● Goal of the exercise
Repeat the data verbatim, images excluded.

● Data section

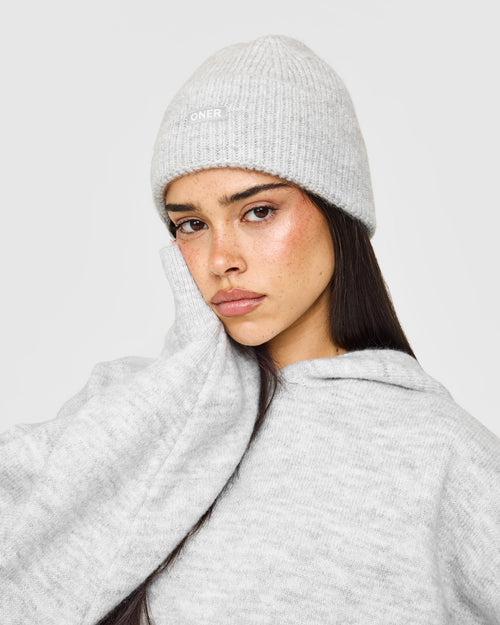 Oner Modal Knit Beanie | Light Grey Marl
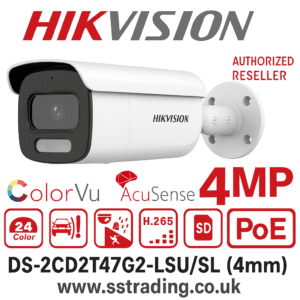 Hikvision	DS-2CD2T47G2-LSU/SL (4mm) (C)	4 MP ColorVu Strobe Light and Audible Warning Fixed Bullet Network Camera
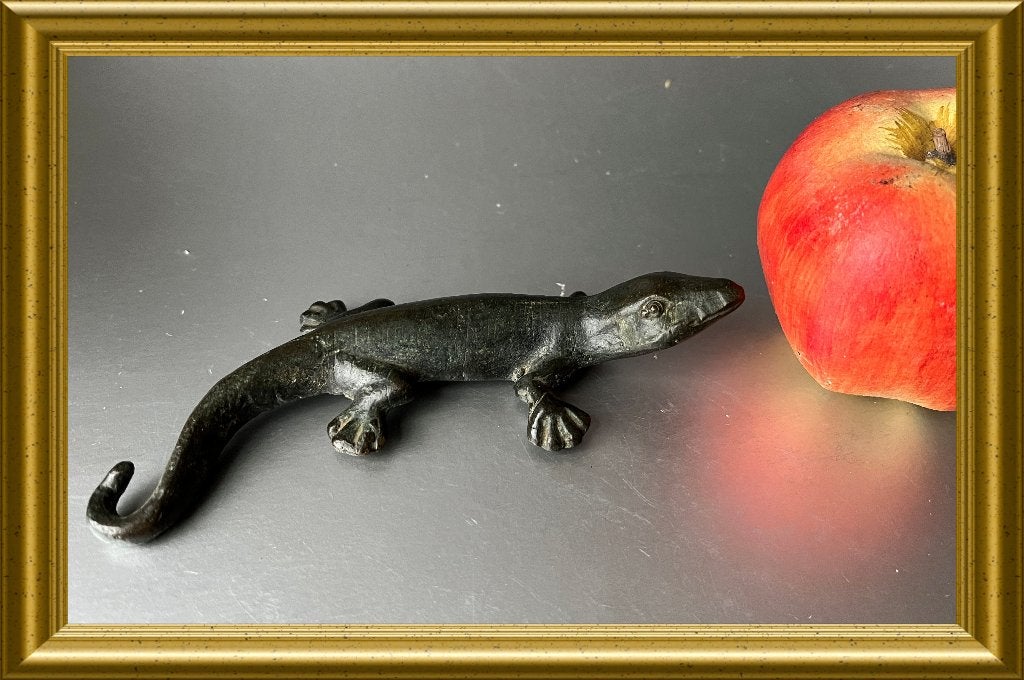 Vintage koperen / bronzen salamander, hagedis, Ophalen of Verzenden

● Written solution
 Oner Modal Knit Beanie | Light Grey Marl
 Hikvision	DS-2CD2T47G2-LSU/SL (4mm) (C)	4 MP ColorVu Strobe Light and Audible Warning Fixed Bullet Network Camera
 Vintage koperen / bronzen salamander, hagedis, Ophalen of Verzenden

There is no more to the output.